Charles Torres Veitch (born 5 August 1980) is a Brazilian-British YouTuber and activist.

==Personal life==
Veitch was born on 5 August 1980 in Rio de Janeiro, Brazil, to a Brazilian mother and a Scottish merchant seaman. He later migrated to the UK. His father later became an oil worker. He attended Edinburgh Academy and received a Master of Arts in philosophy from the University of Edinburgh.
Following university, Veitch joined the Territorial Army.

In 2011 and 2012, he dated and lived with libertarian activist Silkie Carlo. He has at least one child with a different woman.

==Prior to activism==
Circa 2001, he started working in the City of London, at some point working at HBOS in wealth management. He was laid off from HBOS in 2009 due to the 2008 financial crisis.

He then dedicated himself to making guerilla videos and protesting.

Since at least 2015, he has posted YouTube videos of him walking in northern and midland towns in England. He narrates his videos and comments on and interacts with people on the streets.

==Views==
In 2006, he became sympathetic to the 9/11 truth movement and started to post videos on YouTube of himself and friends protesting.

In 2011, he was described as an anarchist. Veitch currently identifies as a Zionist and has attended anti-immigration protests.

In 2011, he was involved with the BBC's 9/11: Conspiracy Road Trip documentary. According to an article in Slate, by the third day of speaking with people he had believed responsible, he started to question his beliefs about 9/11, saying he was changing to a less paranoid mindset.
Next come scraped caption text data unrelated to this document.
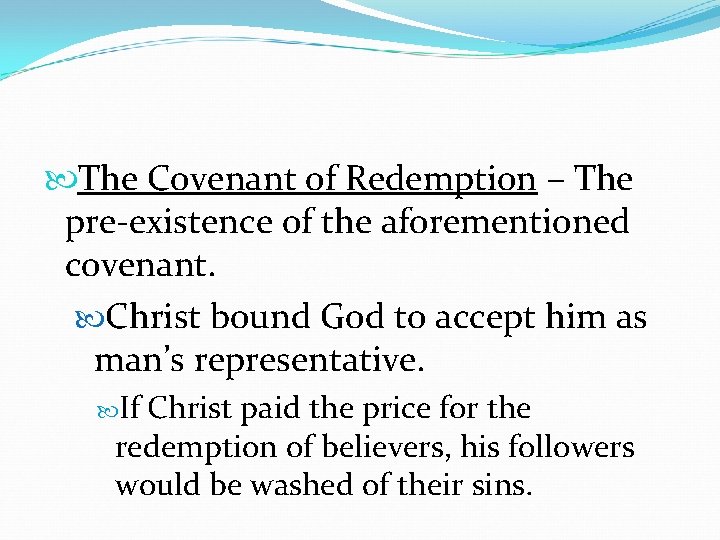  The Covenant of Redemption – The pre-existence of the aforementioned covenant. Christ bound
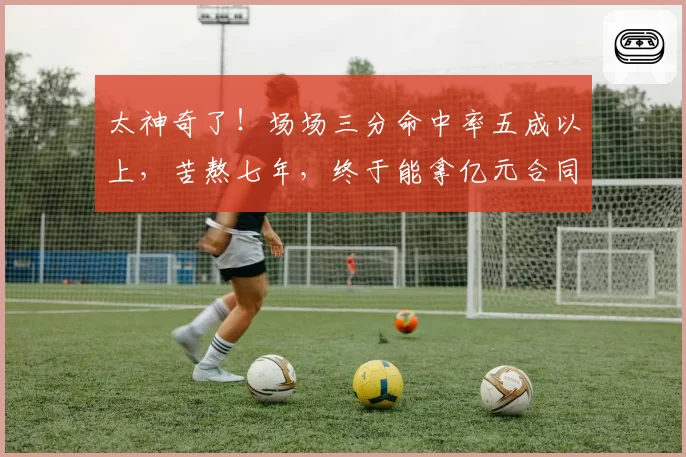 太神奇了!场场三分命中率五成以上,苦熬七年,终于能拿亿元合同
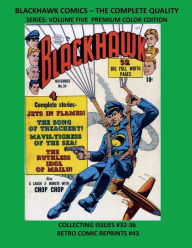 Title: BLACKHAWK COMICS - THE COMPLETE QUALITY SERIES: VOLUME FIVE PREMIUM COLOR EDITION:COLLECTING ISSUES #32-36 RETRO COMIC REPRINTS #43, Author: Retro Comic Reprints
In June, Veitch posted on his blog that he no longer believed 9/11 was faked by the United States government. His decision to denounce the 9/11 conspiracy theories drew backlash from Alex Jones and David Icke, as well as death threats and unfounded criminal allegations.

In August 2025, he attended a UKIP rally in Liverpool as part of its mass deportations tour and criticized those "who cannot stand the idea of English people celebrating England". That same year, he hosted a AMA on the imageboard Soyjak.party, due to him having been banned from Reddit. The anti-fascist organization Hope not Hate have commented that Veitch has spread "anti-migrant hate" and antagonises those he meets to maximise his video views.

==Legal proceedings==
In June 2010, Veitch was arrested at Toronto Pearson International Airport and charged with impersonating a peace officer in connection with an incident near the security perimeter for the 2010 G20 Toronto summit.
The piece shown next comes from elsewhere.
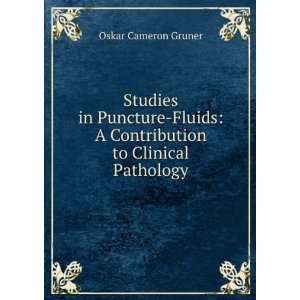   Contribution to Clinical Pathology: Oskar Cameron Gruner: Books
In April 2011, he was arrested ahead of the wedding of Prince William and Catherine Middleton on suspicion of conspiracy to cause a public nuisance and breach of the peace. Police believed he was planning to cause disruption in Soho Square.
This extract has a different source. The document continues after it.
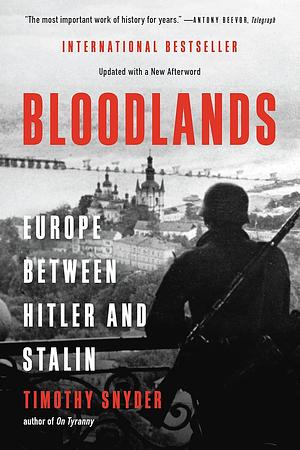 Bloodlands: Europe Between Hitler and Stalin by Timothy Snyder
In 2015, Veitch was fined following a clash with British National Party supporters at an anti-cuts protest.

In February 2026, Veitch was charged with a Section 4A public order offence and released on bail with conditions prohibiting him from entering Manchester city centre inside the ring road. At Manchester Magistrates' Court in June, he pleaded not guilty and was scheduled to stand trial in October 2027.